*Work required:*
Which lines of the listing below contain the word "tutorial"? Return them.

***** Given entries

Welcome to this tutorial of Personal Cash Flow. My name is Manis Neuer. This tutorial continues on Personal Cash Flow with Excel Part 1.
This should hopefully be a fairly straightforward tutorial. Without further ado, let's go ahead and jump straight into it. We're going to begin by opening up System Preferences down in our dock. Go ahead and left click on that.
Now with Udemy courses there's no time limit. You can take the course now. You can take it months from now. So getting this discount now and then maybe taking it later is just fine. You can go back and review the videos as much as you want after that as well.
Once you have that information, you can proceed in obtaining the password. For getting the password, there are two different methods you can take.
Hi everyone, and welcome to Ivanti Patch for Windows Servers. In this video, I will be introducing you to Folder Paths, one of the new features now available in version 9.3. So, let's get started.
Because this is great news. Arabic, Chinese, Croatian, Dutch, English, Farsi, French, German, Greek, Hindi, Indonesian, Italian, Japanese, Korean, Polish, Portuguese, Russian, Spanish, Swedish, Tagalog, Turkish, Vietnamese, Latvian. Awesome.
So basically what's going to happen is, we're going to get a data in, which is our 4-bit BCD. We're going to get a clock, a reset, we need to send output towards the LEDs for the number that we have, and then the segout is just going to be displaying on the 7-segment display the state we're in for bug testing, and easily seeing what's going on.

**********
***** Given entries

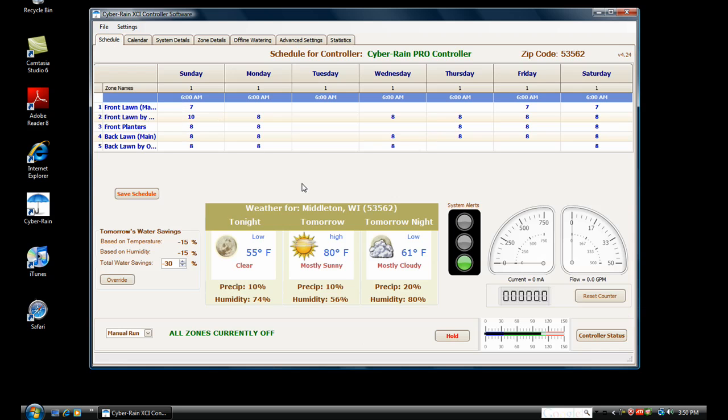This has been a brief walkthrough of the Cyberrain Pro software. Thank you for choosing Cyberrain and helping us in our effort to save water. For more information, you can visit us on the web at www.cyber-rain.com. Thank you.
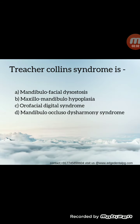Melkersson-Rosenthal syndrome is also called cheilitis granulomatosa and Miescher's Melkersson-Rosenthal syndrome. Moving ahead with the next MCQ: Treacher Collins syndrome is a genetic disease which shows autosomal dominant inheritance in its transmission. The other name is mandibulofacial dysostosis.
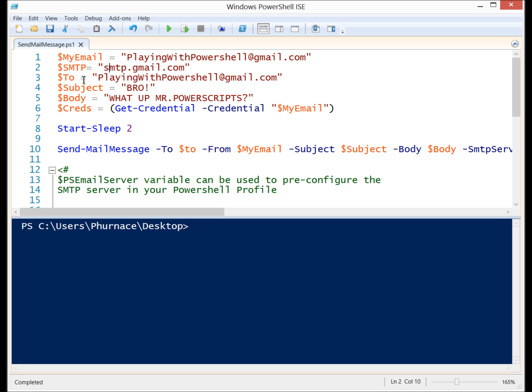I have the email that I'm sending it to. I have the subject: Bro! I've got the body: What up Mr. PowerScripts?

**********

*Result:*
Welcome to this tutorial of Personal Cash Flow. My name is Manis Neuer. This tutorial continues on Personal Cash Flow with Excel Part 1.
This should hopefully be a fairly straightforward tutorial. Without further ado, let's go ahead and jump straight into it. We're going to begin by opening up System Preferences down in our dock. Go ahead and left click on that.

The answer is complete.